It’s an occasion any time two of the greatest living songwriters share a stage. When that stage happens to be one of the most beautiful venues in the country, there’s bound to be a little magic. Such was the case Saturday, when Willie Nelson’s always-stacked Outlaw Music Festival tour pulled into the Gorge Amphitheatre.

The current run pairs the country icon with one of the few artists he can legitimately call a peer in Bob Dylan, uniting the two friends and kindred-spirit songsmiths with vastly different personas. We were one Joni Mitchell away from unlocking some sort of cosmic portal over the Columbia River, but there was more than enough supernatural alchemy in the air when Dylan took the stage as the scorching Central Washington sun was mercifully setting. There’s a never-know-what-you’re-gonna-get factor with a Dylan show, which has only added to the mystic and mercurial folk legend’s lore.

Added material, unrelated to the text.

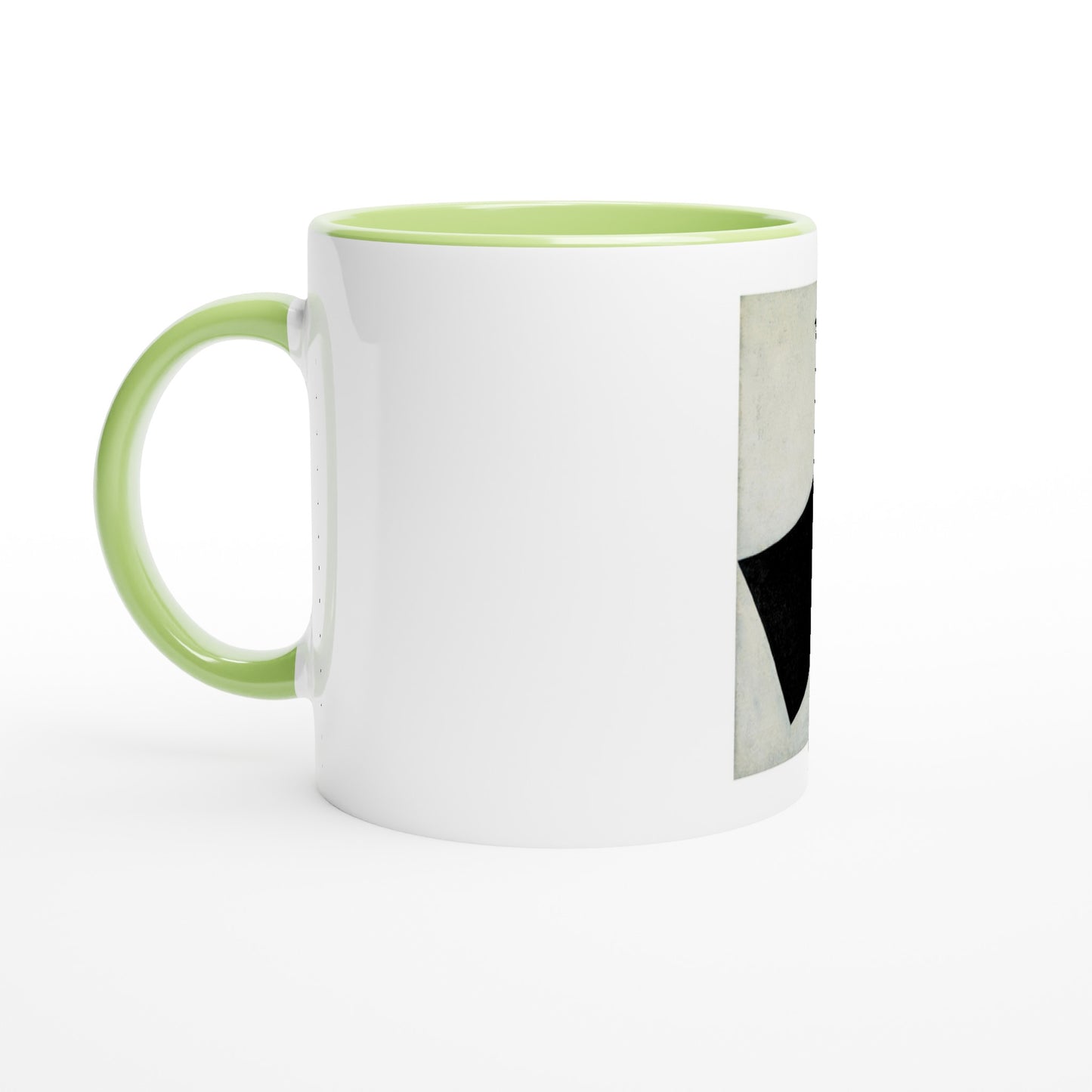 KAZIMIR MALEVICH - SUPREMATISM 1917 - ART COFFEE MUG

Last night was a good night; the 83-year-old sounded even stronger than he did two years ago during his savory Paramount Theatre date on his Rough and Rowdy Ways tour, and he pulled out a handful of heyday crowd-pleasers — something the uncompromising artist isn’t always wont to do. A tousled “Rainy Day Women #12 and 35” to start the 75-minute set felt like an opening bone tossed to some of the more casual Dylan fans at the festival-esque tour stop, with the recognizable “everybody must get stoned” lyric befitting a night when he was touring with a guy who has.